Vet Column 8-9-10
August 9, 2010
Selecting animals for breeding is generally accomplished by first deciding on a breed or breed composition. Depending upon one’s breeding objectives, subsequent animal selections are focused on maintaining genetic diversity to optimize performance traits even if the same breed or breed composition is selected. Maintaining genetic diversity in a population is important because its loss limits mating choices and has negative effects on economically and biologically relevant traits.
Inbreeding is a measure of genetic diversity. Inbred animals exhibit inbreeding depression which can affect reproduction, conformation, and growth, among other traits. Other descriptive genetic diversity parameters of a population structure include the effective population size, effective number of founders and effective number of herds.
The Red Angus Association of America was established in 1954 with a focus on performance testing. Although Red Angus cattle are frequently selected for beef cattle breeding programs in the United States, little analysis of its genetic diversity has been published. Investigators from Colorado State University and Iowa State University recently published data summarizing the genetic diversity of animals registered with the Red Angus Association of America.
Data were obtained from the Red Angus Association of America for over 2 million (2,141,506) registered Red Angus animals born between 1927 and 2006. Identification numbers of the animal, sire, and dam were collected as was the birth year, sex, percentage Red Angus and herd of origin. Pedigree information in the decades before 1960 was limited since the breed did not have an official association until 1954. Inbreeding and average relationship coefficients, effective population size, effective number of founders, and effective number of herds supplying grandparents to the population were calculated from the recorded pedigree.
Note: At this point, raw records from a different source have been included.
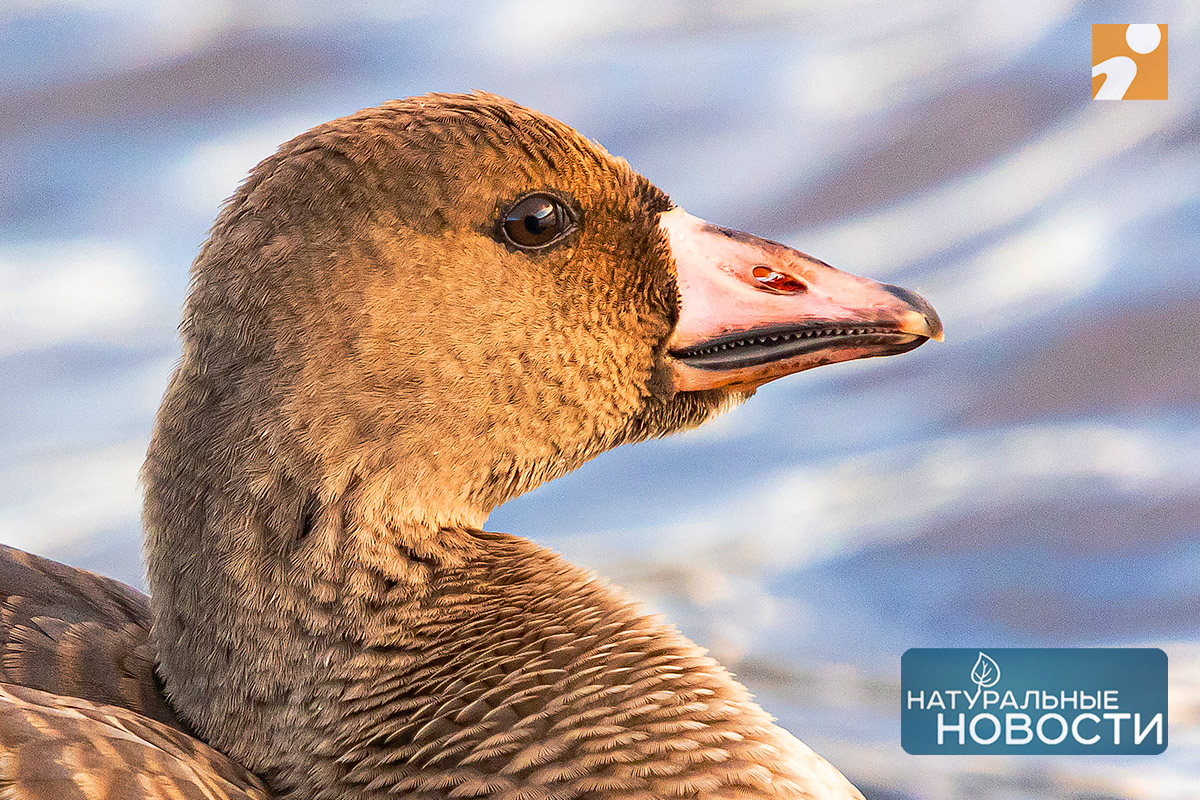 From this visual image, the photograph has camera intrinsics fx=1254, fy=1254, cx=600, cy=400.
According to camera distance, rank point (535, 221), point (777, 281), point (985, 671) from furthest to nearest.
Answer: point (985, 671) → point (777, 281) → point (535, 221)

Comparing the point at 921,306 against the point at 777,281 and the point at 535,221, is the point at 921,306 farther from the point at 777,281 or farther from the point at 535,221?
the point at 535,221

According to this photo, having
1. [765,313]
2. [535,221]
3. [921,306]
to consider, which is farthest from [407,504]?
[921,306]

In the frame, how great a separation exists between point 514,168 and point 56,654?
1172 millimetres

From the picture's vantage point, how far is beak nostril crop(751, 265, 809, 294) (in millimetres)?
2299

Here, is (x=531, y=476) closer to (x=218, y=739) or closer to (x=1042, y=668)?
(x=218, y=739)

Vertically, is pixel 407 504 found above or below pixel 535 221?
below

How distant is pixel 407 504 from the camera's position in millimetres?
2076

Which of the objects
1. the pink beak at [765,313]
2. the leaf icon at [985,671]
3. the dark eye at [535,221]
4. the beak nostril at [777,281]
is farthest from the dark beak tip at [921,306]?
the leaf icon at [985,671]

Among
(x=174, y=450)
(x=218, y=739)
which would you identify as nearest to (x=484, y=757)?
(x=218, y=739)

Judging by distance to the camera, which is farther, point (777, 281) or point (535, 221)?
point (777, 281)

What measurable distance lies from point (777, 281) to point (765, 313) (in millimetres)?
72

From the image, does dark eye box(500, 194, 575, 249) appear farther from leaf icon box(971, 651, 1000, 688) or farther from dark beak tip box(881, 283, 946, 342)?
leaf icon box(971, 651, 1000, 688)

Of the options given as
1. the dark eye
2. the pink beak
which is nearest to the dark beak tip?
the pink beak

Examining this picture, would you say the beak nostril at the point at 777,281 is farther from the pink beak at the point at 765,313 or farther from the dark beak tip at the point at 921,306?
the dark beak tip at the point at 921,306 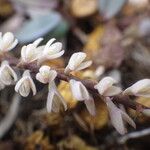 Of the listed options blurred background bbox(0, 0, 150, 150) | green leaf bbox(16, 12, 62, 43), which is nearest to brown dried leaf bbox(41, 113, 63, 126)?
blurred background bbox(0, 0, 150, 150)

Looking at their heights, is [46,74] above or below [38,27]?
above

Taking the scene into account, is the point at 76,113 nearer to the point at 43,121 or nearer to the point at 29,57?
the point at 43,121

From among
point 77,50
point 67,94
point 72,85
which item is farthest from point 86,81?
point 77,50

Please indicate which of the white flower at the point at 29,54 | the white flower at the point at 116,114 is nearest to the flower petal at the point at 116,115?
the white flower at the point at 116,114

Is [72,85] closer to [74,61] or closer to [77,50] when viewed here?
[74,61]

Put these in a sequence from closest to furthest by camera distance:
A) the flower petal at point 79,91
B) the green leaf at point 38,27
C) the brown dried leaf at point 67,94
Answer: the flower petal at point 79,91, the brown dried leaf at point 67,94, the green leaf at point 38,27

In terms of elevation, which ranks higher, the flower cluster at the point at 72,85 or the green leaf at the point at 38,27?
the flower cluster at the point at 72,85

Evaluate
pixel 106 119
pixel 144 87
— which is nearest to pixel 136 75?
pixel 106 119

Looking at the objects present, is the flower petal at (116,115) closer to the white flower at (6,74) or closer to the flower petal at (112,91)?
the flower petal at (112,91) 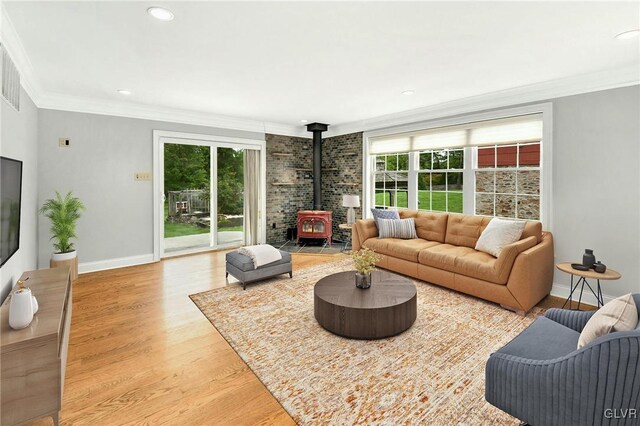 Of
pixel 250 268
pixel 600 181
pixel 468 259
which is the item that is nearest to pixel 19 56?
pixel 250 268

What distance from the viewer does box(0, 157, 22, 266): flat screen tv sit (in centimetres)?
236

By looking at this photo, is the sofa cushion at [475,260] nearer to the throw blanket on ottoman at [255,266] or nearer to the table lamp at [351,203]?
the throw blanket on ottoman at [255,266]

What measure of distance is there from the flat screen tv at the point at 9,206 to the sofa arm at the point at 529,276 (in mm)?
4589

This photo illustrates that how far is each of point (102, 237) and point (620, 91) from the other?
7238mm

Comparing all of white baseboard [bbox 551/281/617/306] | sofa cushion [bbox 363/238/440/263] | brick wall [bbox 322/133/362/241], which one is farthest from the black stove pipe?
white baseboard [bbox 551/281/617/306]

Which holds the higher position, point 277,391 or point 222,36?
point 222,36

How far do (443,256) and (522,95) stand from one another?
243 cm

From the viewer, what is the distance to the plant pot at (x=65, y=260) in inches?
166

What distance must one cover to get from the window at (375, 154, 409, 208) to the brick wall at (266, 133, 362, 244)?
1.34 feet

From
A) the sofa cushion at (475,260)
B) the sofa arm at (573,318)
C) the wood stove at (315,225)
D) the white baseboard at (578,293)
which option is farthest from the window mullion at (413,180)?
the sofa arm at (573,318)

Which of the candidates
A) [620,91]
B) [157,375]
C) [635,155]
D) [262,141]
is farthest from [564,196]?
[262,141]

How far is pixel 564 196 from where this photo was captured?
→ 3865 millimetres

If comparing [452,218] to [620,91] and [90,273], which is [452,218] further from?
[90,273]

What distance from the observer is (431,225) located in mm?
5020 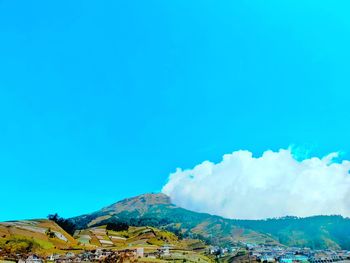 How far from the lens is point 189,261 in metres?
97.4

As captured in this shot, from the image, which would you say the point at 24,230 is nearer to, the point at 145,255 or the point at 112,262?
the point at 145,255

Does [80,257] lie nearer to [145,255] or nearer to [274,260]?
[145,255]

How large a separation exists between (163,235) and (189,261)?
64467 mm

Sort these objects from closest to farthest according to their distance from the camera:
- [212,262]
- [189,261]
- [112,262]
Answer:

In this study, 40,679 founders were identified.
Inbreeding for registered Red Angus cattle in the United States in 1960 was 10.7 percent and decreased until 1974 at a rate of 0.2 percent per year. In 1975, inbreeding was 3.2 percent and increased until 2005 at a rate of 0.02 percent per year. These inbreeding level estimates are less than most other breeds. Danish dairy cattle populations are reported as 0.9 to 1.1 percent and Japanese Black cattle as 5 percent. Both of these breeds are smaller in number than the American Red Angus. Contrastingly, inbreeding estimates of American Herefords indicate an inbreeding value of 9.8 percent even though there are almost 10 times more American Herefords registered over time than American Red Angus.
Conclusions from this study indicate that inbreeding of American Red Angus cattle is at a low level and the effective population size is large. In relation to the total number of animals and herds supplying grandparents, the effective number of founders and effective number of herds is small, indicating the disproportionate influence of a few founders and herds on the genetics of the breed.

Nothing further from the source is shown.